Your answer must be an exact retyping of the line containing "Heart within a heart" and every line after it through the end of the records below, with no pictures and nothing else.
[SUPPLIED RECORDS Boundary: Start]
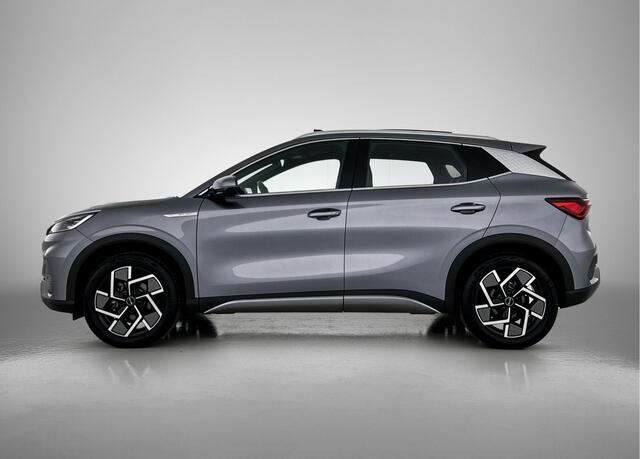 BYD Atto 3 Design 60 kWh | V2L | Schuif -/- Kanteldak | 15,6'' Multimediascherm | Adaptive-Cruise |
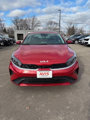 Used 2024 Kia Forte LXS image 3
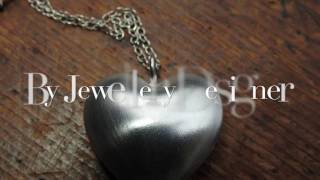 Heart within a heart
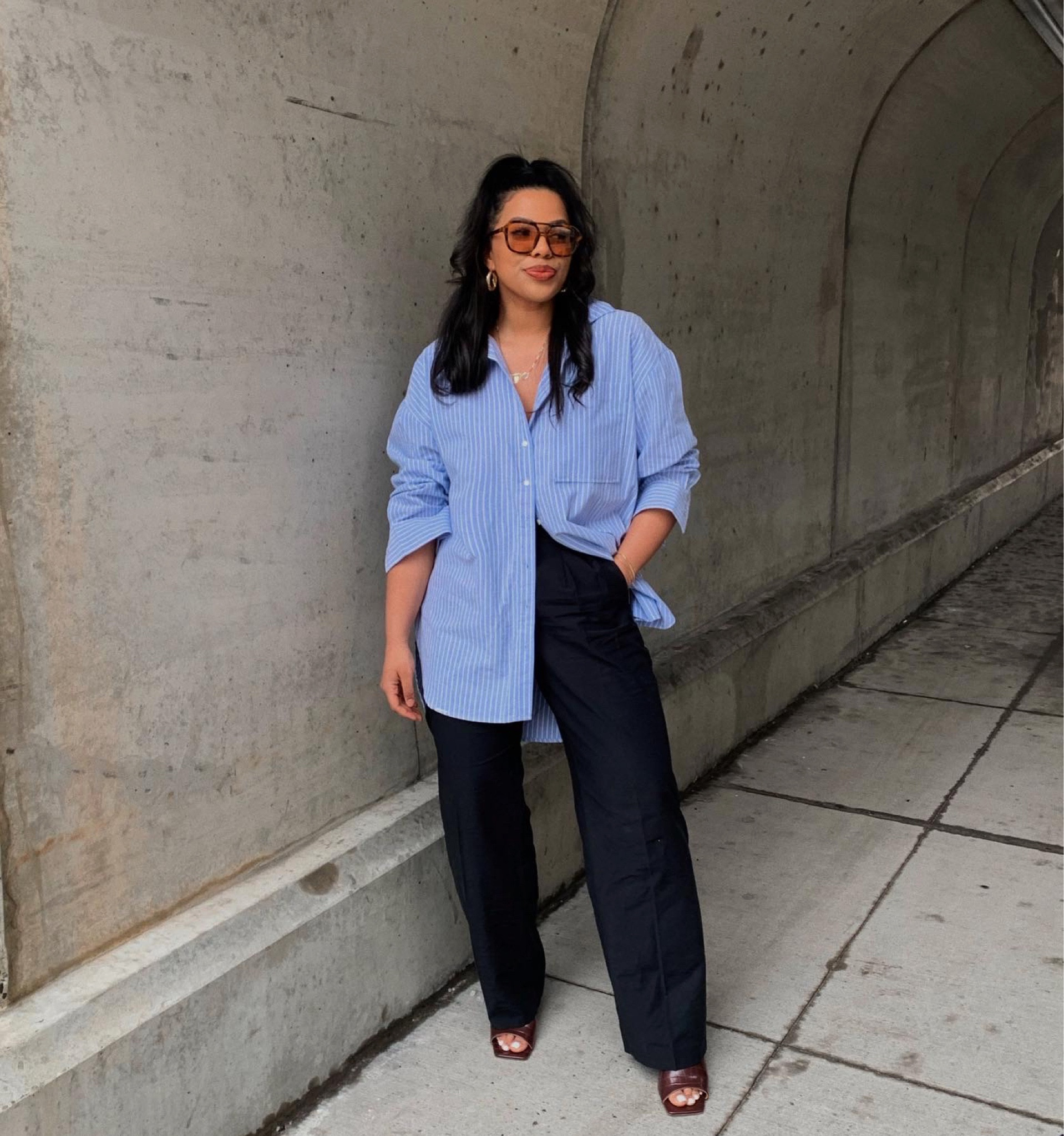 Summer Outfit 

#LTKcurves #LTKSeasonal #LTKFind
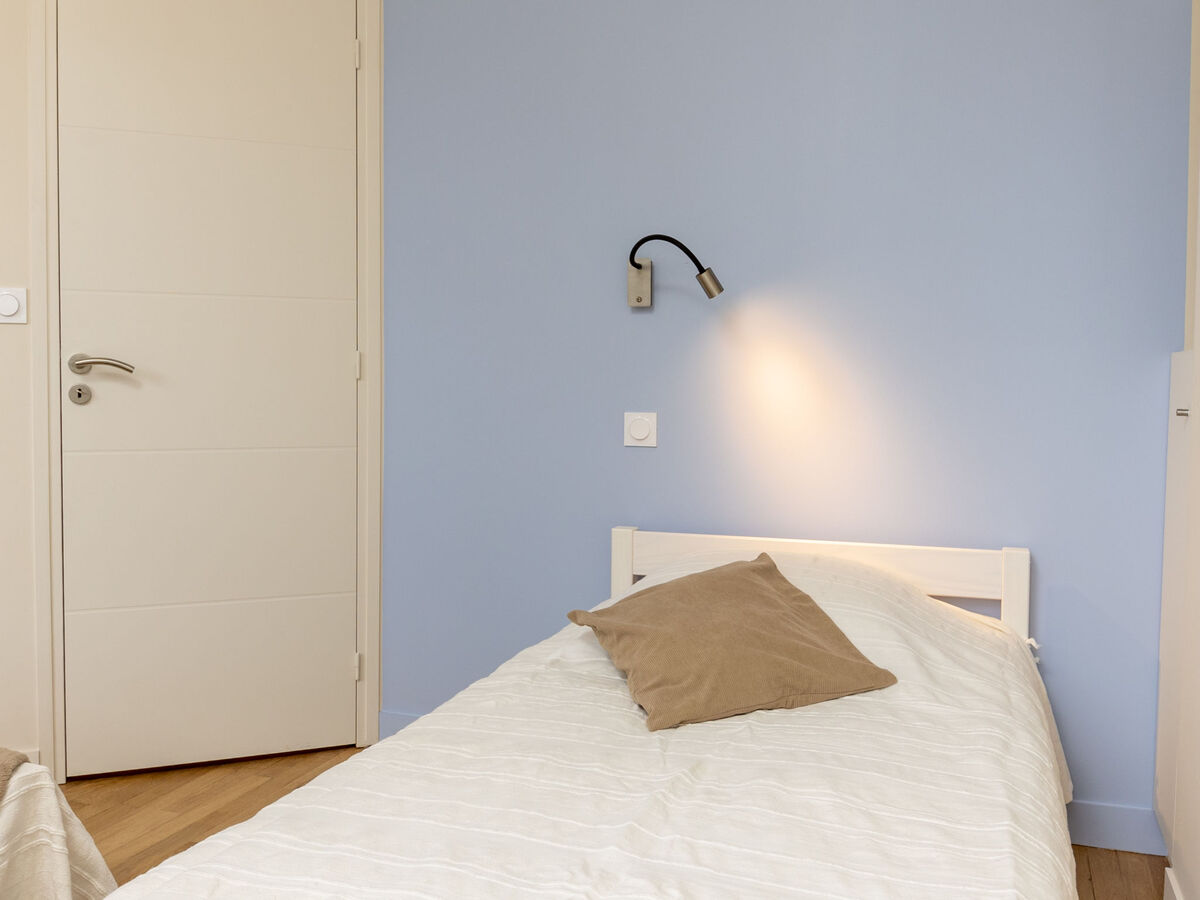 Plasenn – Appartement rénové Saint Malo Intra-Muros - Photo 15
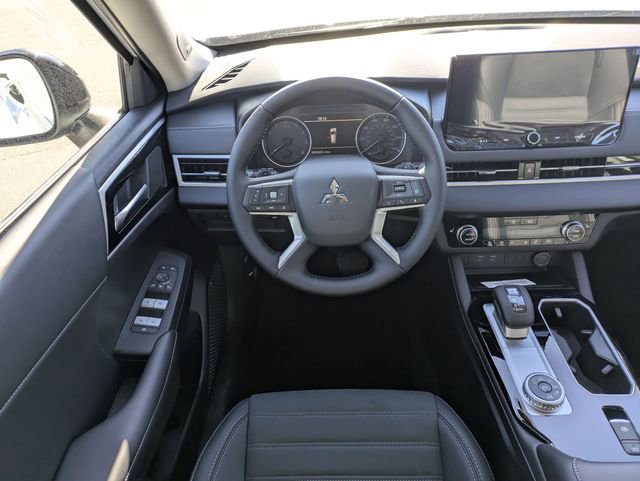 New 2026 Mitsubishi Outlander Trail Edition image 29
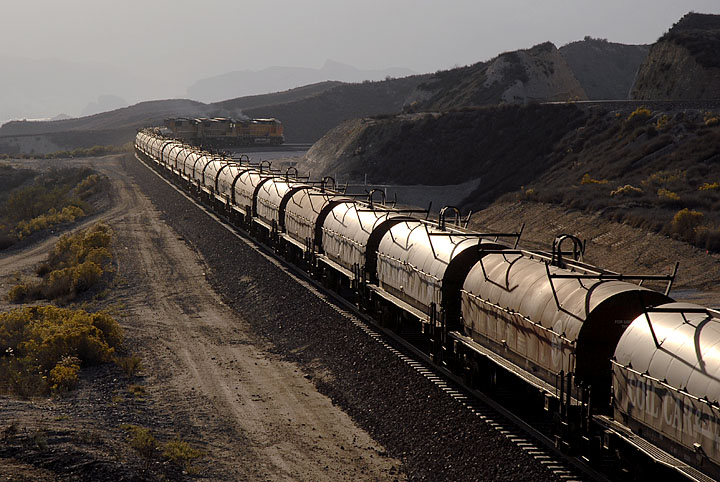 BNSF Coils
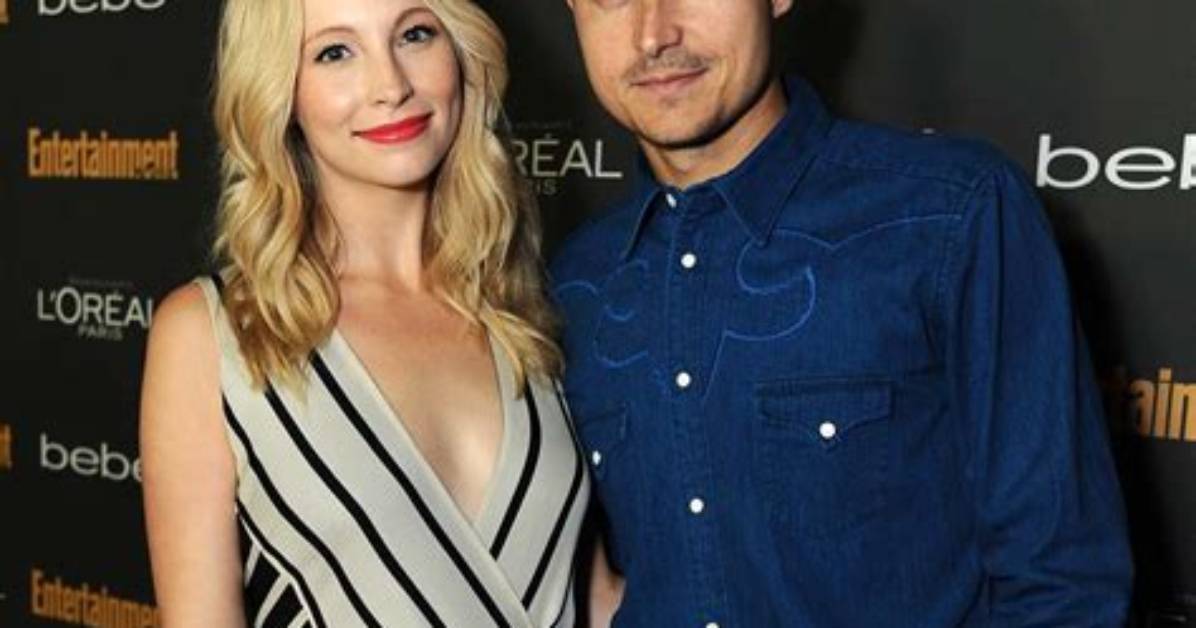 Candice Accola's Couple: Love Life and Relationship Explored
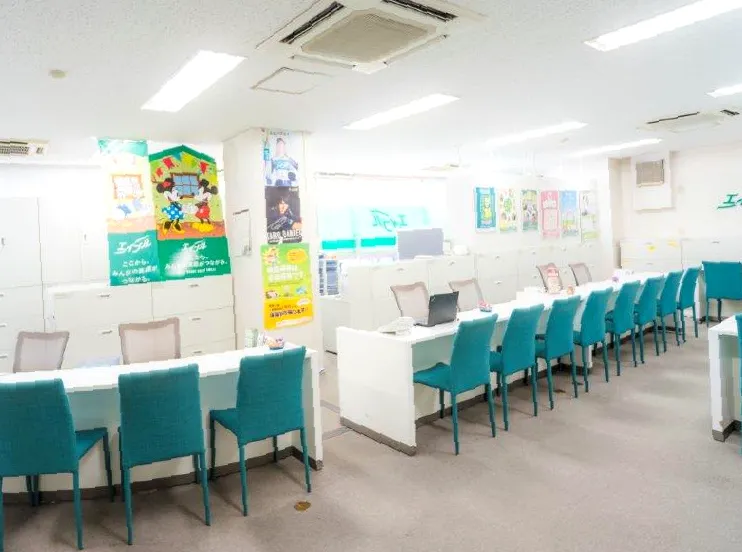 Kabushikigaishaeiburu Yokohamanishiguchiten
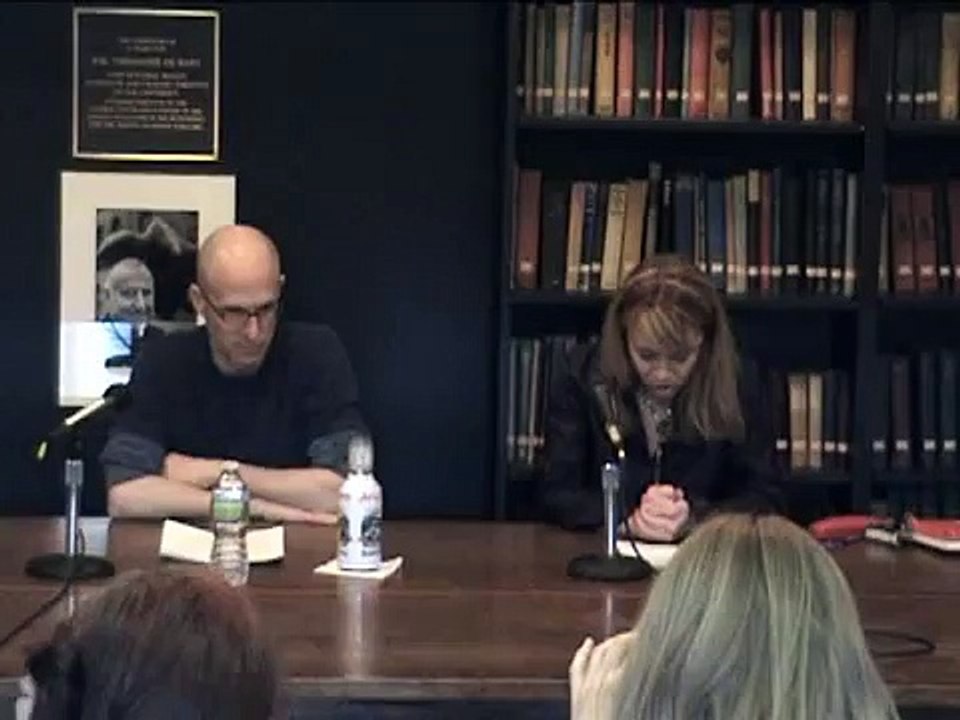 Radical Democracy Conference - Todd May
[SUPPLIED RECORDS Boundary: End]
EXERCISE SOLUTION
 Heart within a heart
 Summer Outfit 

#LTKcurves #LTKSeasonal #LTKFind
 Plasenn – Appartement rénové Saint Malo Intra-Muros - Photo 15
 New 2026 Mitsubishi Outlander Trail Edition image 29
 BNSF Coils
 Candice Accola's Couple: Love Life and Relationship Explored
 Kabushikigaishaeiburu Yokohamanishiguchiten
 Radical Democracy Conference - Todd May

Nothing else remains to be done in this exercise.